In some cities Public monuments have been destroyed and vandalized. When asked if it's acceptable to bring down monument's without due process, Benson said, "Yes, They need to come down and if the legislature body moves to slow then they need to come down."

State Representative Rob Hutton sees things differently. He co-authored a bill that protects statues and monuments on public property in Wisconsin. The bill stiffens penalties for anyone who defaces or destroys one.

"There is the need for law and order in our communities around property," said Rep. Hutton.

The proposed bill comes after protesters in Madison, Wisconsin dragged down a statue of Colonel Hans Christian Heg, a man from Racine County who once fought to abolish slavery. It's still unclear why protesters tore down Heg's statue and Rep. Hutton says without important conversations, he's not sure progress can be made by such actions.

"Is the removing of this monument actually address the actual concern that's there? Or is it a scapegoat or convenient process for which we all feel good at the time but doesn't really improve or address the situation long term," said Hutton.

In Columbus Wisconsin, city leaders voted to remove a monument of the city's namesake, Christopher Columbus. Alderman Paul Pyfferoen was the only alderman who voted against that removal.

"I have a friend who is Native American and she hated the statue coming to town everyday and seeing it. At the same time, people are saying that if we get rid of it that its erasing history or falsifying the past," said Pyfferoen.

He told TMJ4 News he was never against the idea of removing the statue, but he did want more public debate and possibly even a referendum placed on the November ballot to ensure the council was making the right decision in removing the controversial statue.

"A statue of Christopher Columbus being taken off its base and being put into a (Department of Public Works) storage lot is not to automatically say 'OK Christopher Columbus was no longer a bad person. Now, everything's good!' It doesn't do that," said Pyfferoen.

In Chicago, there was no vote when Mayor Lori Lightfoot ordered several statues of Christopher Columbus to be removed after violent protests left police injured.

The Executive Director of the Italian One Voice Coalition, Andre DiMino, says removing the statues is offensive to the Italian-American community.

"Columbus is an important symbol to Italian Americans and Italian Americans are a recognized group under the 14th Amendment. So, taking away a symbol that an ethnicity feels is so important to them is really an insult to all Italian Americans."

DiMino also said Christopher Columbus is completely false and went on to call the attack on American statues an attack on American history.

"If were going to attack these statues where does it end?
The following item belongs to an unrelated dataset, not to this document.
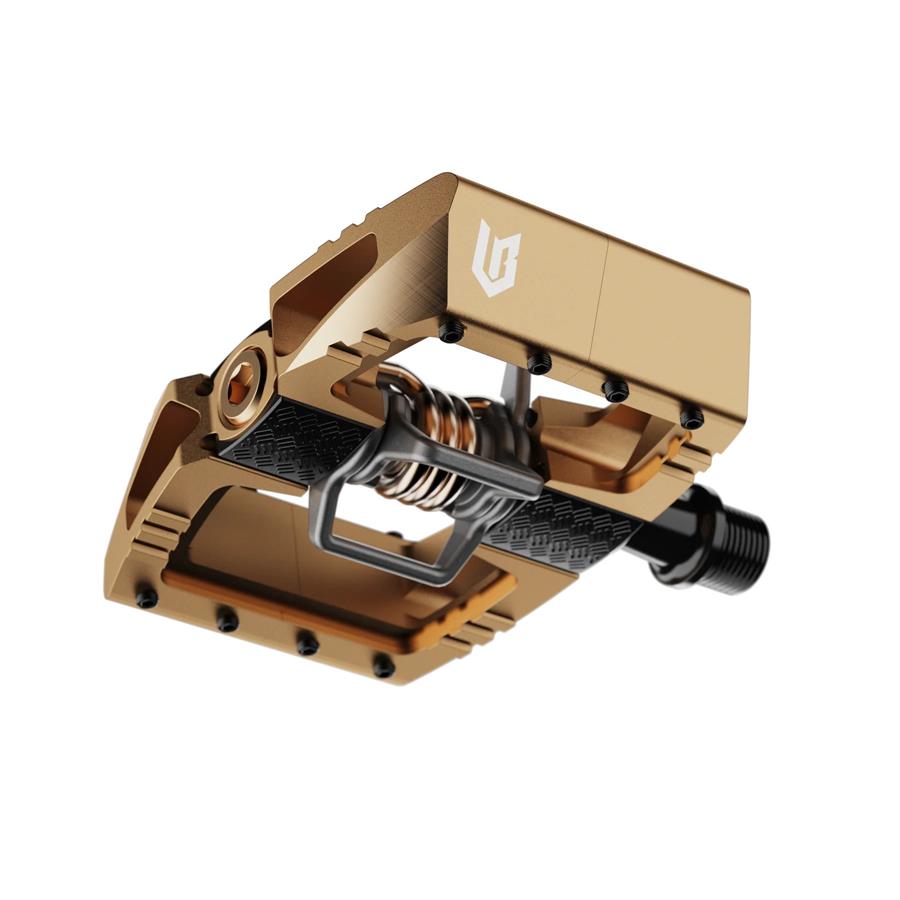 PEDALA CRANKBROTHERS MALLET DH LOIC BRUNI SIGNATURE BRONZE EDITION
Where does this attack on our history end," he said.

Meanwhile, as the conversation pertaining to the monument movement continues, President Trump has ordered the creation of a National Garden of American Heroes, he says to tell our "great national story."

It's been reported that the garden would feature statues of people like our nation's founding fathers, civil rights activists, as well as people like Christopher Columbus and even World War Two general Douglas MacArthur, who has a statue that stands tall at Milwaukee's Veteran's Park.